_How to complete this task_
Please return, word for word, the line containing "IJsland Rond Embleem Sleutelhanger" and each line after it through the end of the data below, and nothing else.

Brief descriptive captions

━━━━━━━━━━━━━━━━━━━━━━━━━━━━━━

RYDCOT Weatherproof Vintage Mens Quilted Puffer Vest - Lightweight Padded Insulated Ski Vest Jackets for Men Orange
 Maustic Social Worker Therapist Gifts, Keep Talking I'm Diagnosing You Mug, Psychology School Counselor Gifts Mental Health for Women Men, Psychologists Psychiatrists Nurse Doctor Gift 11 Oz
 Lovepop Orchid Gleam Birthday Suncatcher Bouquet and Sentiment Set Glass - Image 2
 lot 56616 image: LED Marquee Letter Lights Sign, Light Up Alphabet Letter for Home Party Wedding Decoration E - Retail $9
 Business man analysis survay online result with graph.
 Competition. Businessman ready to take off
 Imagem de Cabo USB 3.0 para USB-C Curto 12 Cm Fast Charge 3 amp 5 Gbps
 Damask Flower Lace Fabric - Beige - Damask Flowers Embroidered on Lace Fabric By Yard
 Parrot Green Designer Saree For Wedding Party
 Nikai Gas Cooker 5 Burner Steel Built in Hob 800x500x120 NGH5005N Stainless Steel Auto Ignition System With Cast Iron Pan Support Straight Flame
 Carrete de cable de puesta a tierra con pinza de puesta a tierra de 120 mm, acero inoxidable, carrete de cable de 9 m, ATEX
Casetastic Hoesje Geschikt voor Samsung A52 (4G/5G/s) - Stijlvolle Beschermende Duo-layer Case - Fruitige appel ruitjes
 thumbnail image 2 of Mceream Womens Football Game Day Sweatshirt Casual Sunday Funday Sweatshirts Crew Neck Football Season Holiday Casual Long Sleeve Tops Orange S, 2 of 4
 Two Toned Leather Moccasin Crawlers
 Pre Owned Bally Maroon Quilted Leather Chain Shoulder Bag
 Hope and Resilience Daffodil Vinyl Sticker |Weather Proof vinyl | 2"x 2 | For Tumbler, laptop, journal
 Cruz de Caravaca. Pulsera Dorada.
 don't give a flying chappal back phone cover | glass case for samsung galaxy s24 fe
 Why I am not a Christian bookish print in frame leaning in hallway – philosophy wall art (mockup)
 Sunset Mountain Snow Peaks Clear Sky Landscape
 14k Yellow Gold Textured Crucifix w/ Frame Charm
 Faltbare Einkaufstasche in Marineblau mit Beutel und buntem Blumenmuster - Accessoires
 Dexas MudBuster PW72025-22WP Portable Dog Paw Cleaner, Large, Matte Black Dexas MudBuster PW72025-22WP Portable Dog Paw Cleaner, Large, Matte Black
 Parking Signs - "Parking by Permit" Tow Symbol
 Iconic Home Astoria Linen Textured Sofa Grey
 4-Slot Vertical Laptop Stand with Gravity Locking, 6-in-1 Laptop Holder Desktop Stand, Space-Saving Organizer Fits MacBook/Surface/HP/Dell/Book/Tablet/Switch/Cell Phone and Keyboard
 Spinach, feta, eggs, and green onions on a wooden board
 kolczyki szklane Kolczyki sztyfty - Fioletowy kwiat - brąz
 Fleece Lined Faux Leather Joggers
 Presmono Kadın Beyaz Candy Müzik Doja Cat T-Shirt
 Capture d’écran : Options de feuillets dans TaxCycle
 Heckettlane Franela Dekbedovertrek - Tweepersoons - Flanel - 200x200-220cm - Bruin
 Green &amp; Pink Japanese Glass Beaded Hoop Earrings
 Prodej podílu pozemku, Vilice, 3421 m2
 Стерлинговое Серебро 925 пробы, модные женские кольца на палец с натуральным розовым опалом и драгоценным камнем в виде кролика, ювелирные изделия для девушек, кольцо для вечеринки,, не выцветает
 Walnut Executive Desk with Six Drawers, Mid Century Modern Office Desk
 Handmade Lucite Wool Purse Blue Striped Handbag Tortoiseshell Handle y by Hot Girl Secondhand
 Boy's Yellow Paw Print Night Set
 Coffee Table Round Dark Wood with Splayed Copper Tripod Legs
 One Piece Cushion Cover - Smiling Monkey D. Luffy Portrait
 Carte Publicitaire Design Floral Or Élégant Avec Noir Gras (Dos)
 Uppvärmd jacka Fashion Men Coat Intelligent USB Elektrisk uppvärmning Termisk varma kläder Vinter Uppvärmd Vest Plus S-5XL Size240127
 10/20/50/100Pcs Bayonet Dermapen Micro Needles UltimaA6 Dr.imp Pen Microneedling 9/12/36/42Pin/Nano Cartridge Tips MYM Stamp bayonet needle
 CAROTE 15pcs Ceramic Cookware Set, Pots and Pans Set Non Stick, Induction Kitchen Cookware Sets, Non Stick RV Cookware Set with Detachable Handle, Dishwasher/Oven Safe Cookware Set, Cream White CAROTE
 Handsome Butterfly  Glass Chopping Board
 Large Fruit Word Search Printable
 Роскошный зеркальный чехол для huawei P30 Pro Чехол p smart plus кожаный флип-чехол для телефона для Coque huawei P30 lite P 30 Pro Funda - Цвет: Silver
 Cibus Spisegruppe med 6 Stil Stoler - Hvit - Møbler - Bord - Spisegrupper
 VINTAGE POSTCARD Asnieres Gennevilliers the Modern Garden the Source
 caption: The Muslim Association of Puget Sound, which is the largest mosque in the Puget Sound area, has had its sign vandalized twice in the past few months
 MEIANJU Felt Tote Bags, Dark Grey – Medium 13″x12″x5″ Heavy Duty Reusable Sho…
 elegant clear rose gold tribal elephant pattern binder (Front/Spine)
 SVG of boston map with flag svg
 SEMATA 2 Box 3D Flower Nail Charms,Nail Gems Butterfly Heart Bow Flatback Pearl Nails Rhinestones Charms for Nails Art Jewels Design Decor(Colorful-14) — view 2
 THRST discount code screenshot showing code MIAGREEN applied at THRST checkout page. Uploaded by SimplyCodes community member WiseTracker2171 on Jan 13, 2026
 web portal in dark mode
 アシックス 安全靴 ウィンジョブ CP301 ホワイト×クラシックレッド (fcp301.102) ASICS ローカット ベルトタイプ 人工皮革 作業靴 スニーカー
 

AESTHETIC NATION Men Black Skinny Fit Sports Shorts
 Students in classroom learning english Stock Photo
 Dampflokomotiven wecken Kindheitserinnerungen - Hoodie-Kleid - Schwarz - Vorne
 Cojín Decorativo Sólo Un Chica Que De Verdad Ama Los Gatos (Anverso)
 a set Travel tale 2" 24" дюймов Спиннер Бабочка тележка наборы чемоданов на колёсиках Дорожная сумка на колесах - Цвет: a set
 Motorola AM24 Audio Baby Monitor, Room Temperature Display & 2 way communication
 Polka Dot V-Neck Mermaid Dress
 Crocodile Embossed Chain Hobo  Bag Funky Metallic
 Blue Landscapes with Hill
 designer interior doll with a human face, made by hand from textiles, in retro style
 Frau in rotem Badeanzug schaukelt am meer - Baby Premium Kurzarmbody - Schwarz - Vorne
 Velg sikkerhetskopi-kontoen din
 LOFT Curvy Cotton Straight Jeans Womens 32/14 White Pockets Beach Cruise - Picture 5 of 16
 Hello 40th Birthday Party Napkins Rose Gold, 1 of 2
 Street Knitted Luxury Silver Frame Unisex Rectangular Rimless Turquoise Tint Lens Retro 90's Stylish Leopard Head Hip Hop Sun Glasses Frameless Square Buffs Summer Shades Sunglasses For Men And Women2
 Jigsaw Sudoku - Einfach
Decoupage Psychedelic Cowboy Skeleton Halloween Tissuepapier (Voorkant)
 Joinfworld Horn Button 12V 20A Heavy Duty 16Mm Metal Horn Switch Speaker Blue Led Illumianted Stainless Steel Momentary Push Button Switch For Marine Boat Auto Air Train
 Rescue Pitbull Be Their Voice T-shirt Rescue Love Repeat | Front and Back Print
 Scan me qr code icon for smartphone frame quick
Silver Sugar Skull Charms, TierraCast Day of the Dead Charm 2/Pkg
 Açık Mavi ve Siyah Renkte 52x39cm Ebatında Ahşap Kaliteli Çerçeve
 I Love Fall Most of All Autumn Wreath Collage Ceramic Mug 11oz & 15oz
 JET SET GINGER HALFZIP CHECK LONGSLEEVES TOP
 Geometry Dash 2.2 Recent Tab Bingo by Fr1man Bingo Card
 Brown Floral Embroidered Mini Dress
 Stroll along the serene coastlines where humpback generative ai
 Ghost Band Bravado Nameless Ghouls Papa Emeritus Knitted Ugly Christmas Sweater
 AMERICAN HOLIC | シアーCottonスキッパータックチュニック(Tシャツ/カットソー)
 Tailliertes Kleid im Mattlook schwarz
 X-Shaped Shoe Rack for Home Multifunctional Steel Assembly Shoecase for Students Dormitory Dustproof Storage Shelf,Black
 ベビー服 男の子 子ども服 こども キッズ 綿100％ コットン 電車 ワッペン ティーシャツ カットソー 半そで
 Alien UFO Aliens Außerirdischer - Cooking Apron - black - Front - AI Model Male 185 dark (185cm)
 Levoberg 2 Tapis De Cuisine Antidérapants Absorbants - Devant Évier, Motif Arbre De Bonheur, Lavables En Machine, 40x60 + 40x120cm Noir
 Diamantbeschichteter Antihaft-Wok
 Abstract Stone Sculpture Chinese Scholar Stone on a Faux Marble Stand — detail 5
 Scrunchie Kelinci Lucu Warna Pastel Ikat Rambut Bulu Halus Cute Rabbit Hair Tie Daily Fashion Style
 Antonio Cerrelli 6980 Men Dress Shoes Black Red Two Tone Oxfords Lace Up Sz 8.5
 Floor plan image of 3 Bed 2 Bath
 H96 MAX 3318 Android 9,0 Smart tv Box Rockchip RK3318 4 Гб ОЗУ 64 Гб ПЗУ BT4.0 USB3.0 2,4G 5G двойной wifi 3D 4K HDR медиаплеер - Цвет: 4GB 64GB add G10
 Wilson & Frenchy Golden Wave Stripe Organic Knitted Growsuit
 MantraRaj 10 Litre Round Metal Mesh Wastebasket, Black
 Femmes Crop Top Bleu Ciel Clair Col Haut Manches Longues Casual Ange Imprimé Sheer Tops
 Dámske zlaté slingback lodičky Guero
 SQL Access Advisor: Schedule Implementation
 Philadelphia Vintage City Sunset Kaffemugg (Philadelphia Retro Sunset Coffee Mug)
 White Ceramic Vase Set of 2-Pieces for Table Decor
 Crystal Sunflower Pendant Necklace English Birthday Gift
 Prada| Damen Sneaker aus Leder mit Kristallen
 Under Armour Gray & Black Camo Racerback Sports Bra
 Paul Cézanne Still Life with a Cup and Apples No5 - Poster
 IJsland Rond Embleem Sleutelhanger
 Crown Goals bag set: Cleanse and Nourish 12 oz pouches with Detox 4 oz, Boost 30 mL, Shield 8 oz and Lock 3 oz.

━━━━━━━━━━━━━━━━━━━━━━━━━━━━━━

_Output for this task_
 IJsland Rond Embleem Sleutelhanger
 Crown Goals bag set: Cleanse and Nourish 12 oz pouches with Detox 4 oz, Boost 30 mL, Shield 8 oz and Lock 3 oz.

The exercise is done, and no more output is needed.